Il y avait eu désaccord entre les chefs sur le moment de l’action. Barbès, qui était allé dans l’Aude prendre part à la campagne électorale, eût voulu le retarder. Il avait, en tout cas, promis de revenir à Paris au premier signal. Blanqui et Martin-Bernard jugeant les circonstances favorables, croyant qu’une crise ministérielle, où toutes les fibres fortes du pouvoir sont relâchées et tous les esprits préoccupés des affaires publiques, leur offrait toutes les chances de succès, avaient fixé la prise d’armes au 5 mai.

Blanqui fit reculer la date de huit jours, afin que l’insurrection put mettre à profit le changement de la garnison de Paris et ne trouvât devant elle que des soldats inhabiles à retrouver leur chemin dans le lacis de vieilles rues propice aux mouvements révolutionnaires.
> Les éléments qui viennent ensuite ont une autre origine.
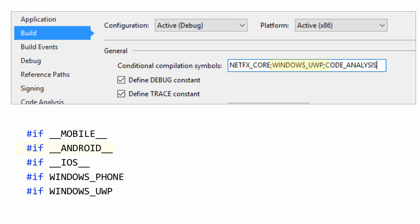For example, __ANDROID__ is defined for every Xamarin Android project, and __IOS__ is defined for Xamarin iOS projects.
Barbès, rappelé à Paris par Blanqui, refusa d’abord de venir, puis, sur une seconde lettre qui, selon une version d’un ancien compagnon de captivité des deux chefs révolutionnaires, piqua son courage en le mettant en doute, vint prendre son poste de combat.
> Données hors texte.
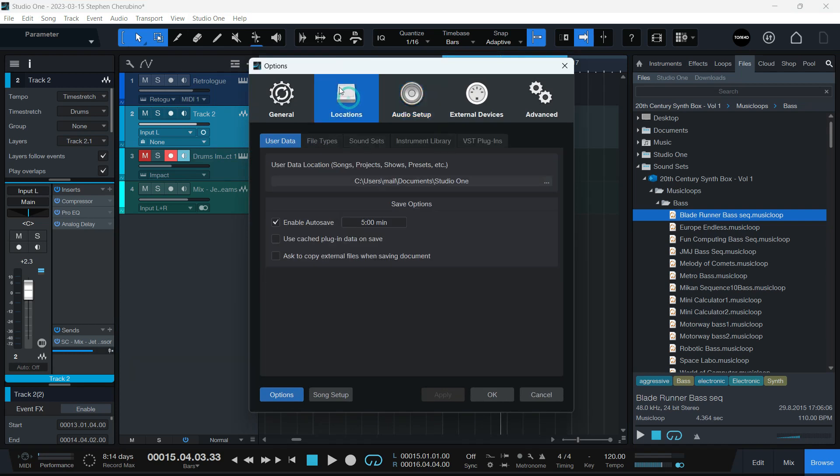Under Locations, this tab, User Data, is where all your user data is going. That means your songs, project, shows, presets, et cetera. This is the folder where you set that.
Dans le bref billet qui rappelait à Barbès l’engagement pris, Blanqui a-t-il vraiment dit à Barbès, dont il connaissait et appréciait la qualité maîtresse : « Tu es un lâche » ? Nous n’avons là-dessus que l’affirmation de Langlois, et elle peut être une interprétation. Sans doute Blanqui a-t-il dit : « Si tu ne reviens pas, nos amis diront que tu es un lâche ». Qu’on songe à la différence profonde qui existait entre eux : Blanqui, froid, précis, méthodique, calculateur ; Barbès, emporté, capricieux, déréglé, tout de premier mouvement. Le premier établit une discipline et s’y soumet ; le second veut bien imposer la sienne, mais n’en accepte aucune de bon gré.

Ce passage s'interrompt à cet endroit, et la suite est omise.